== TRY IT ==
Taking the line with "Diamine - 160th" as the first and the line with "Walther Pistole PDP" as the last, set down exactly every line in that range from the entries below, and no more.

== DATA FOR THIS TASK ==
"""

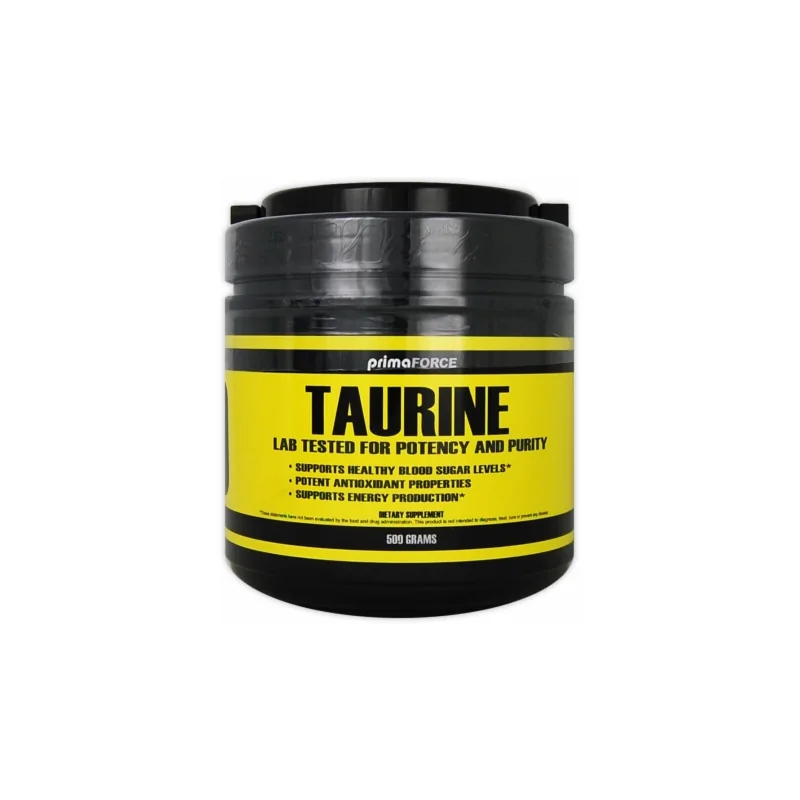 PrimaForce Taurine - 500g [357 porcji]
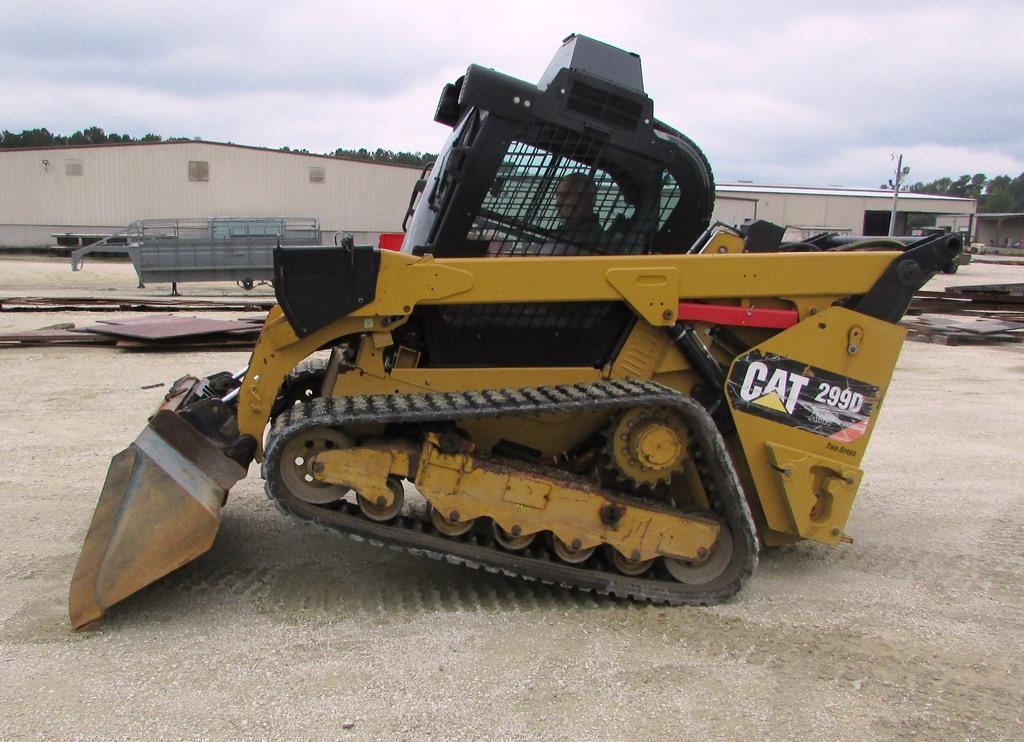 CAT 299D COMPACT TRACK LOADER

"""
"""

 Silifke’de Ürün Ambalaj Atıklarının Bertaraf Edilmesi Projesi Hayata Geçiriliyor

"""
"""

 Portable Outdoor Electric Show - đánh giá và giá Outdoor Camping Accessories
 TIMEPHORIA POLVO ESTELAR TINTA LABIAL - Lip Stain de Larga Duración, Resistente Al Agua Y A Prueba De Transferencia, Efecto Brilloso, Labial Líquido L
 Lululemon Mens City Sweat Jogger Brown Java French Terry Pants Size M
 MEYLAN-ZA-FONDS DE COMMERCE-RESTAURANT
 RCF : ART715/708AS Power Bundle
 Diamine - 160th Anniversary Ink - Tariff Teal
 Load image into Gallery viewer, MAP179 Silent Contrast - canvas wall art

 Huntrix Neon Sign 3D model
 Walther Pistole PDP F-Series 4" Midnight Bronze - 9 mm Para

"""

== WRITTEN ANSWER ==
 Diamine - 160th Anniversary Ink - Tariff Teal
 Load image into Gallery viewer, MAP179 Silent Contrast - canvas wall art

 Huntrix Neon Sign 3D model
 Walther Pistole PDP F-Series 4" Midnight Bronze - 9 mm Para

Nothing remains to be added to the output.